Chinese women's writing

History of the women's movement and feminism in China

Translation

A scholar of modern Chinese literature, Amy Dooling has published books on 20th century women’s writing and feminist literary culture. As Associate Dean of Global Initiatives, Dooling works with offices and individuals across campus to coordinate the College’s global education efforts.

In her expanded role, Professor Dooling works with offices and individuals across campus to coordinate the College's global education efforts. She provides leadership and vision for the Walter Commons, overseeing a wide-ranging portfolio. In addition to partnering with senior administrators and directors to advance the goals of full participation, she contributes to the development of the global-local engagement dimensions of the new Connections program, promotes curricular integration of study away, and advances innovations in the College’s world language programs.

She graduated summa cum laude with a B.A. in East Asian Studies from Columbia University, where she also earned her master's degree and Ph.D. in Chinese literature. 

Beyond EALC, Dooling has been deeply involved in general education revision through her service on the Education Planning Committee (EPC) and the Connections Coordinating Committee. From 2011-16 she also led the International Commons Steering Committee and from 2014-18 co-directed the Initiative in Global Education, a multi-year project funded by a generous grant from the Andrew W. Mellon Foundation.

Dooling is the 2015 recipient of the Helen Brooks Regan Faculty Leadership award, presented annually to a tenured faculty member whose outstanding service in a leadership role exemplifies the College’s commitment to shared governance, democratic process, and campus community development.

Dooling’s scholarly research focuses on the intersections between political activism and cultural expression in modern China. She has written extensively on the subject of radical women writers and early twentieth-century feminism, the topic of her first book Women’s Literary Feminism in Twentieth Century China (Palgrave, 2005). This monograph and her highly regarded work as a translator, particularly her two anthologies Writing Women in Modern China (Columbia University Press, 1998) and Writing Women in Modern China: The Revolutionary Years (Columbia University Press, 2005) have been praised as “important landmarks in Chinese gender studies.” Her latest research project examines gender, labor migration and politically-engaged art in the contemporary post-socialist PRC.

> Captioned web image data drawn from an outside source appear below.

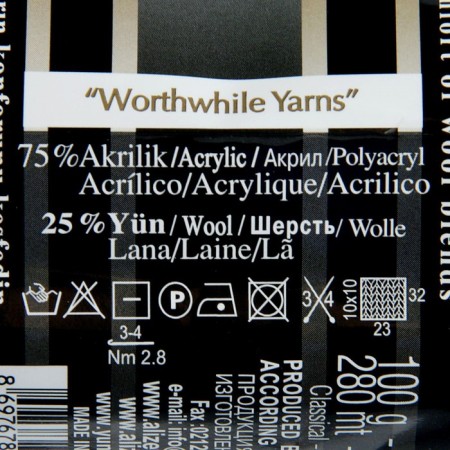 Yarn "Superlana Klasik" 25% wool, 75% acrylic 280m/100g (21 gray melange)-2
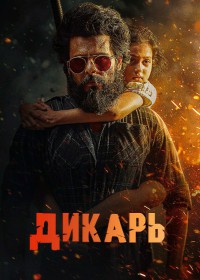 Дикарь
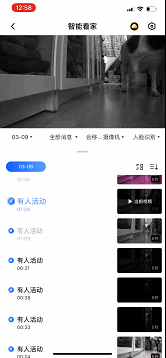 不用插電一樣看,360鏡頭雲台電池版_新浪眾測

Professor Dooling has received numerous fellowships and grants to support her research, including a Mellon Fellowship in the Humanities, a President's Fellowship from Columbia University, and grants from Fulbright, American Council of Learned Societies, the Chiang Ching-kuo Foundation and, most recently, the National Endowment for the Humanities. She has been invited to speak on her research at the Sackler Center for Feminist Art at the Brooklyn Museum, the Freer Gallery of the Smithsonian Institute in Washington D.C., the Pembroke Center at Brown University, the East-West Center at University of Hawaii, and the Fairbank Center at Harvard. Dooling was featured as a scholarly expert in a documentary film about the late Qing revolutionary martyr Qiu Jin, Autumn Gem (2009).

Dooling's more recent publications include translations of work by two preeminent Chinese playwrights – Cao Yu’s Sunrise (Methuen Drama Anthology of Modern Asian Plays, 2014) and Tian Han’s Guan Hanqing (Columbia Anthology of Modern Chinese Drama, 2014), and an essay “September 1929, Woman Writer Magazine Launched in Shanghai: Gender, Commercialism and the Literary Market” A New Literary History of Modern China (Harvard University Press, 2017).

Visit the The Otto and Fran Walter Commons for Global Study and Engagement.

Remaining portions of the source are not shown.